Eagles Everywhere

by Skip Via
skip@westvalleynaturalists.org

Bald eagles are a fairly common sight in the valley year ’round. In the summer, you’ll find them in trees along creek beds, around ponds and marshes, and even congregating around a roadkill deer. They are opportunistic feeders, preferring fish that they either catch themselves or snatch from other animals such as ospreys or otters, but they will happily take hares, birds, snakes, gophers, frogs, or whatever else is available, including roadkill.
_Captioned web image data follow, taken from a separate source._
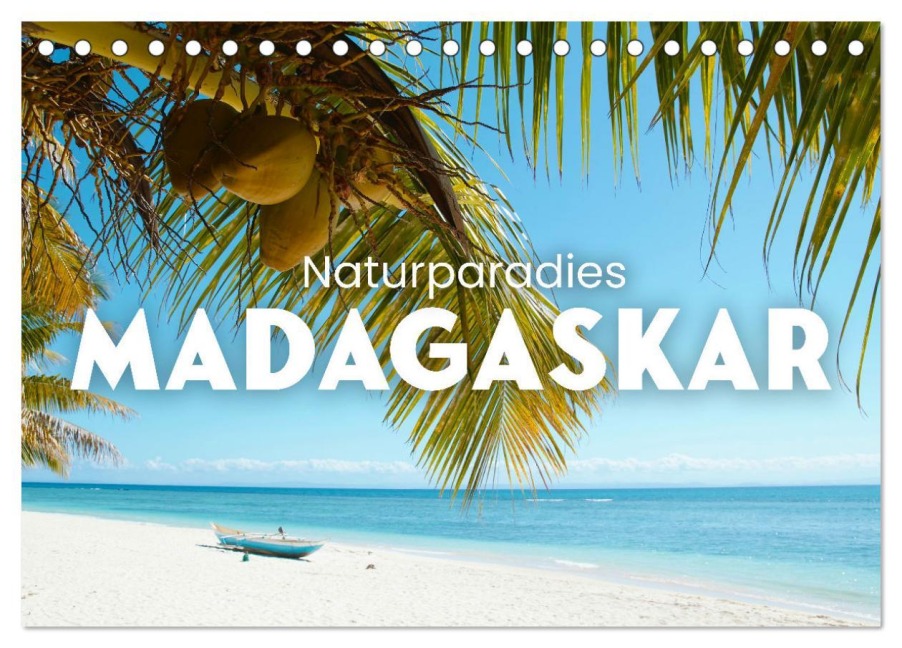 Naturparadies Madagaskar (Tischkalender 2026 DIN A5 quer), CALVENDO Monatskalender - Sf Sf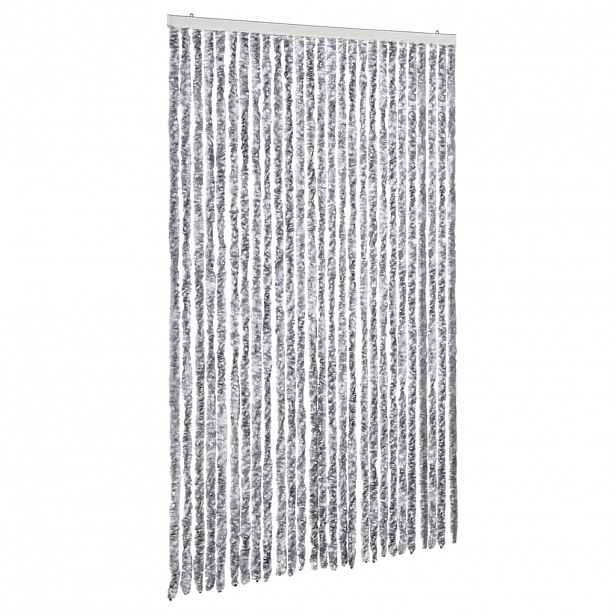 vidaXL Závěs proti hmyzu bílošedý 118 x 220 cm Chenille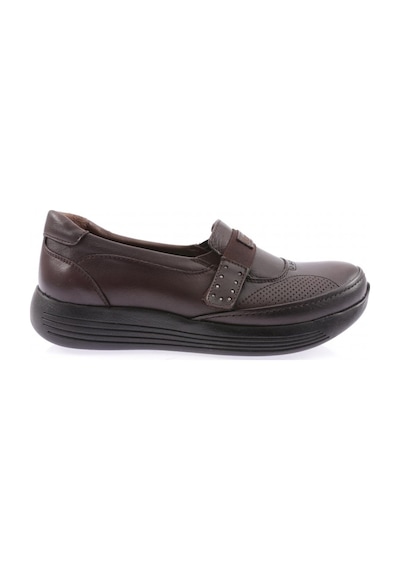 Dgn 1035-23y Kadin Dolgu Taban Cirtli Comfort Ayakkabi 1035-1506-R0685 Kahverengi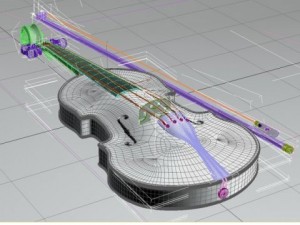 violin 3D-Modell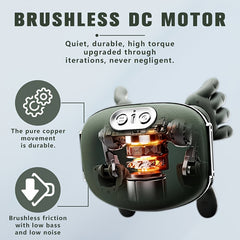 Multi-functional Shoulder And Neck Massager, Full-body Massage Device with Heating Function, Effectively And Relaxes Muscles, Massages Shoulders, Back And Legs, Comfortable Electric Acupoint Massager, USB Charging, Long Battery Life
Mature bald eagles are easy to identify by their distinct white head and white tail feathers, large yellow beak, and broad wings when soaring. The males and females are virtually identical, the female being slightly larger. Both parents participate in feeding their chicks. (Interesting aside, while we’re on the subject. In most birds species, the males are showier and usually larger in order to attract females. In species that share parenting responsibilities, such as eagles and coots, both parents typically look alike.) Juvenile bald eagles take several years to mature into that stage, having mottled dark and light brown feathers across their entire body. As such they are sometimes mistaken for hawks. But their bills are distinctly eagle-like, as are their formidable talons.

Here is a juvenile calling out, probably to alert others (maybe parents) to his whereabouts:

Keep an eye out when you’re out and about in the valley. Eagles can be found just about anywhere.

Eight eagles, mostly juveniles, looking for feeding opportunities at the Potholes.
Juvenile eagle preening. You can see the white head feathers coming in.